Adjust configuration of replication applier

set configuration values of an applier

PUT /_api/replication/applier-config

Query Parameters

  • global (optional): If set to true, adjusts the configuration of the global replication applier for all databases. If set to false, adjusts the configuration of the replication applier in the selected database.

A JSON object with these properties is required:

  • endpoint: the logger server to connect to (e.g. “tcp://192.168.173.13:8529”). The endpoint must be specified.

  • database: the name of the database on the endpoint. If not specified, defaults to the current local database name.

  • username: an optional ArangoDB username to use when connecting to the endpoint.

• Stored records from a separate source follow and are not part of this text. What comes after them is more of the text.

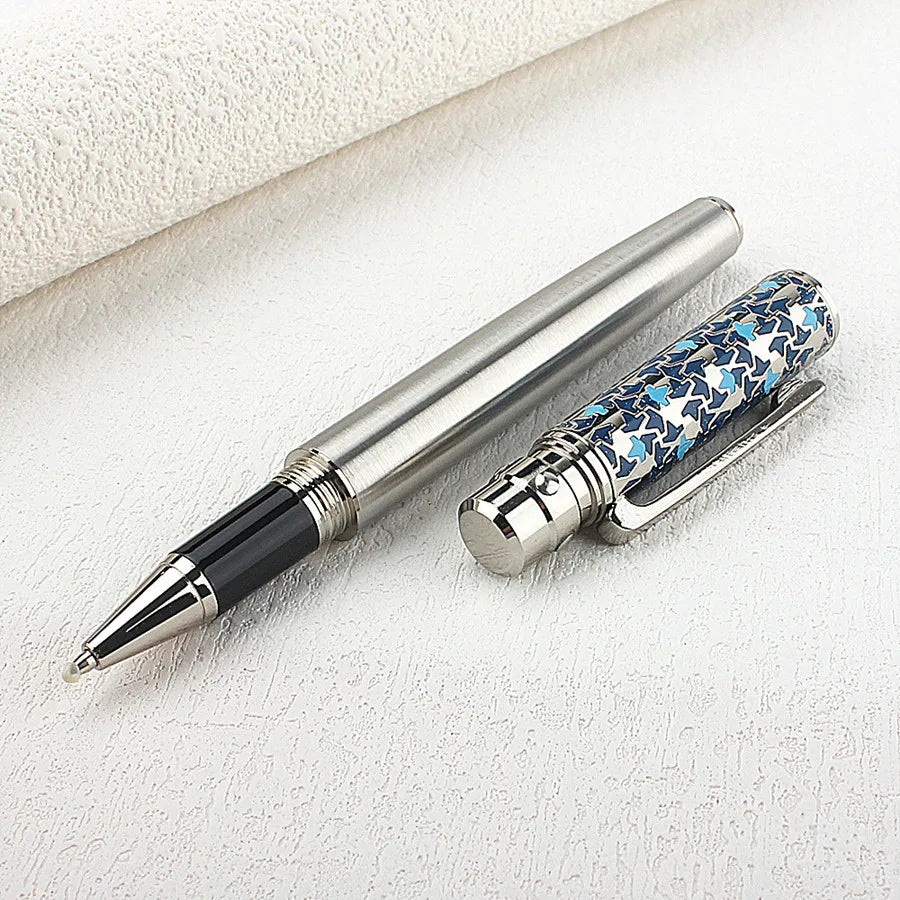 1pc Luxury Metal Round Ballpoint Pen | Retractable Stainless Steel Painted Ballpoint Pen, Elegant Signature Pen | Gift Choice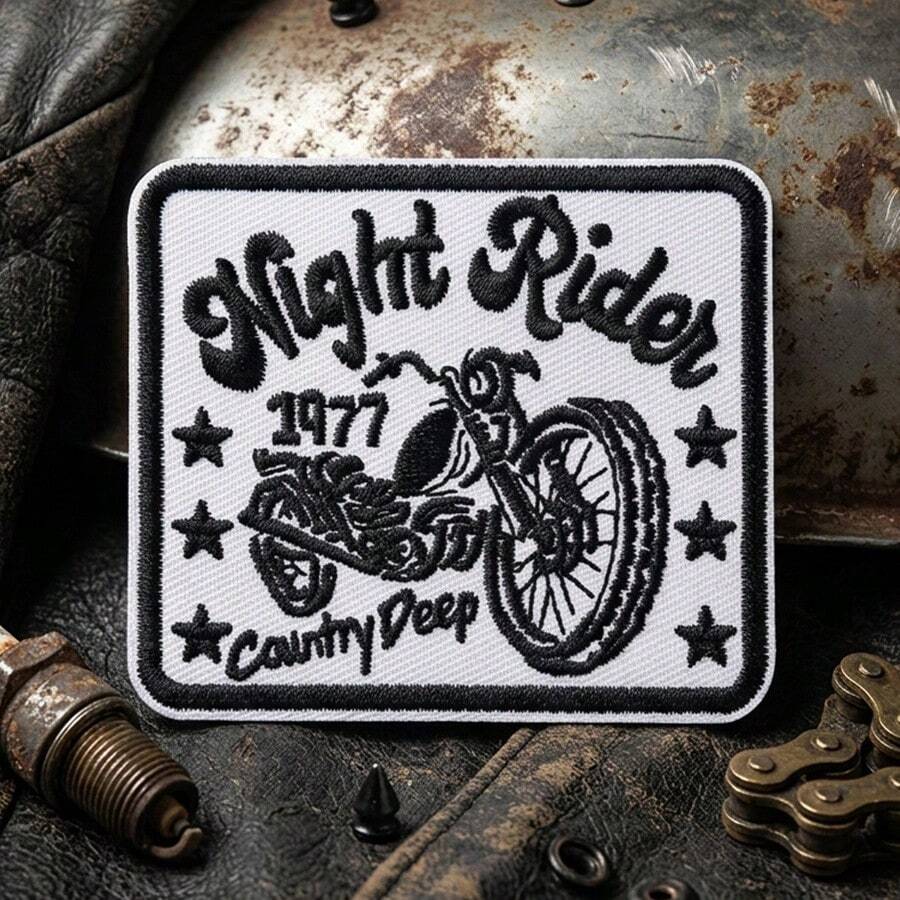 RHUAGYP 1pc Vintage "Night Rider" Motorcycle Embroidered Patch, Retro Motorcycle Style, Iron-On Applique, Suitable For Clothing, Jackets, Backpacks And Other DIY Decorative Fabric Badges - Multicolor - View 1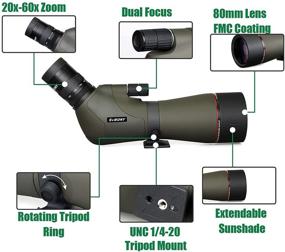 img 2 attached to 🔭 SVBONY SV46 Spotting Scope HD Dual Focus Waterproof 20-60x80 Long Range Angled Telescope for Birding, Hunting, Shooting, Archery with Case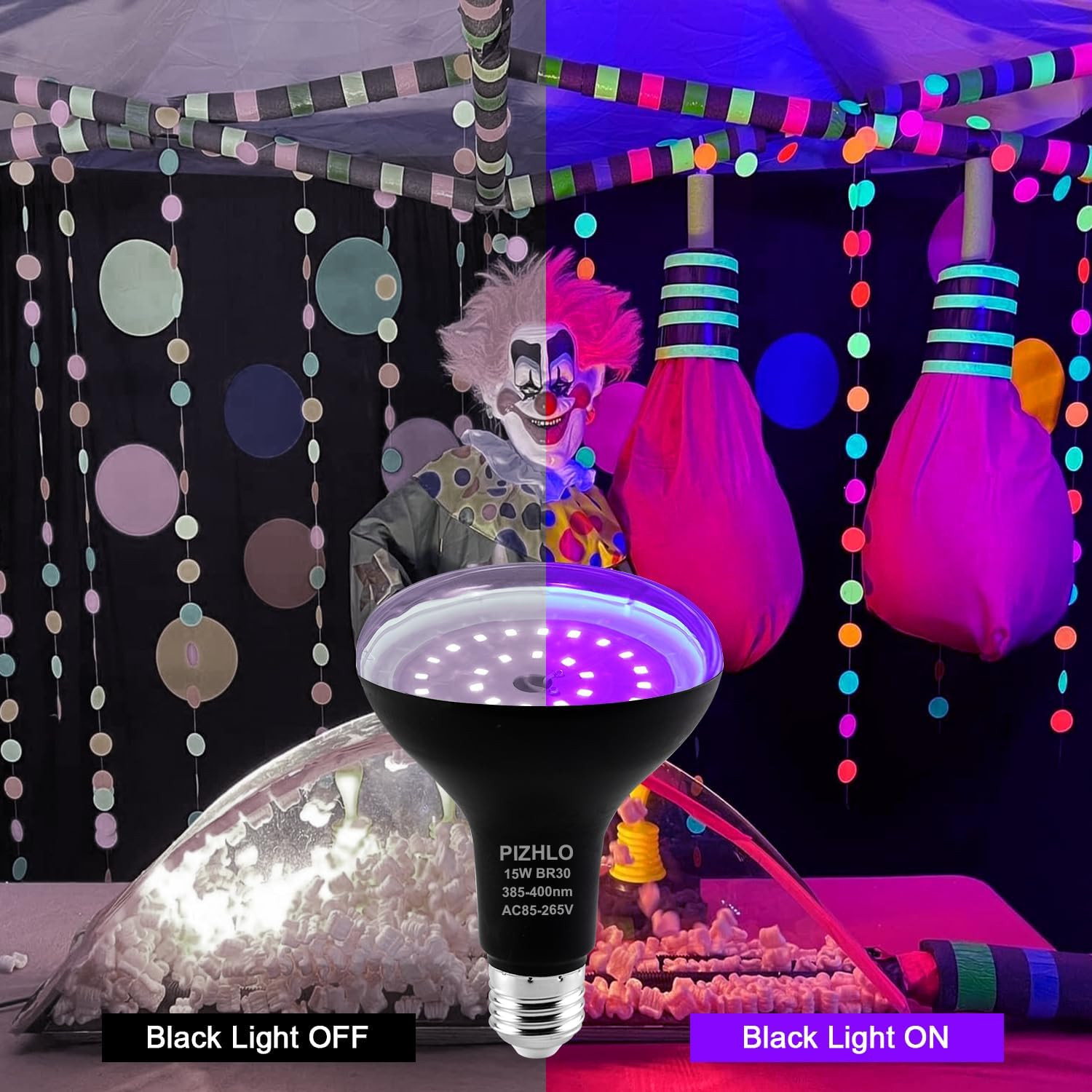 4 Pcs 15W LED Black Light Bulbs, BR30 E26 Black Shell Blacklight LED Bulb, 385-4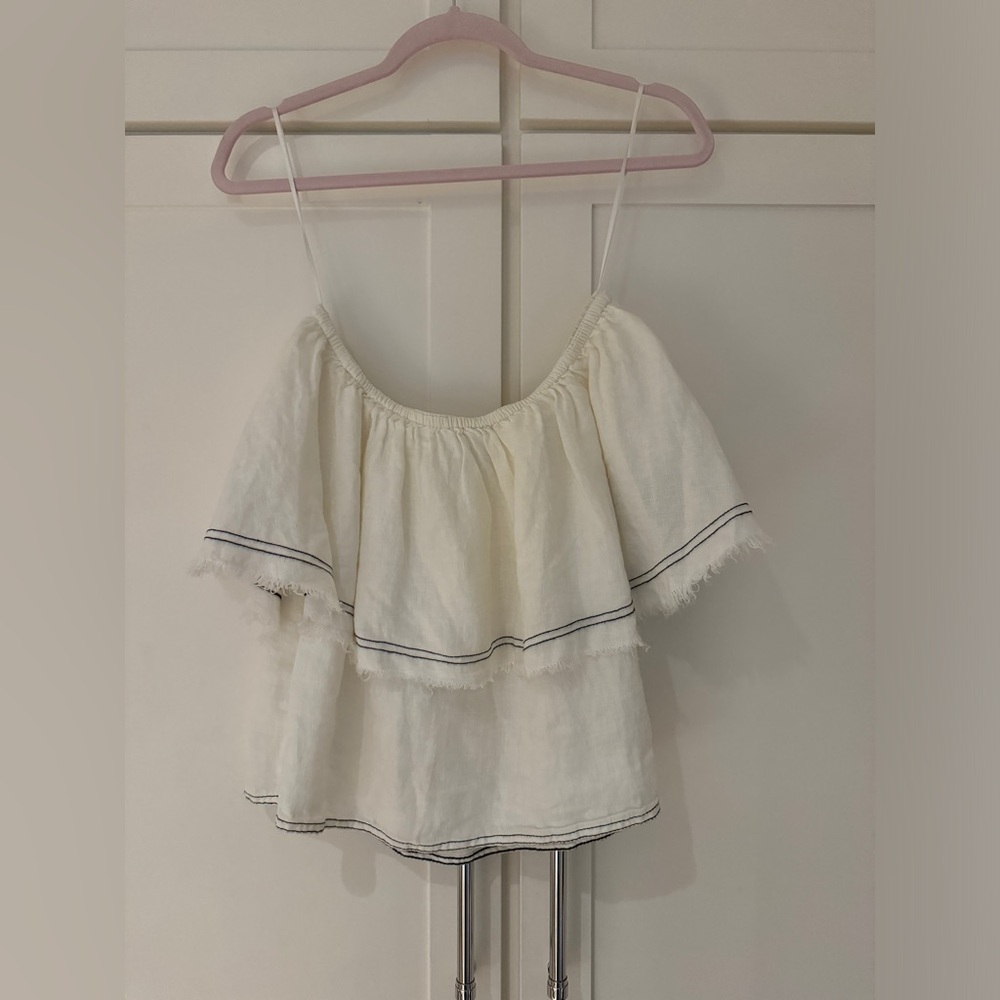 NWT Zara Off Shoulder White Linen Top XS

  • password: the password to use when connecting to the endpoint.

  • maxConnectRetries: the maximum number of connection attempts the applier will make in a row. If the applier cannot establish a connection to the endpoint in this number of attempts, it will stop itself.

  • connectTimeout: the timeout (in seconds) when attempting to connect to the endpoint. This value is used for each connection attempt.

  • requestTimeout: the timeout (in seconds) for individual requests to the endpoint.

  • chunkSize: the requested maximum size for log transfer packets that is used when the endpoint is contacted.

  • autoStart: whether or not to auto-start the replication applier on (next and following) server starts

  • adaptivePolling: if set to true, the replication applier will fall to sleep for an increasingly long period in case the logger server at the endpoint does not have any more replication events to apply. Using adaptive polling is thus useful to reduce the amount of work for both the applier and the logger server for cases when there are only infrequent changes. The downside is that when using adaptive polling, it might take longer for the replication applier to detect that there are new replication events on the logger server.
    Setting adaptivePolling to false will make the replication applier contact the logger server in a constant interval, regardless of whether the logger server provides updates frequently or seldom.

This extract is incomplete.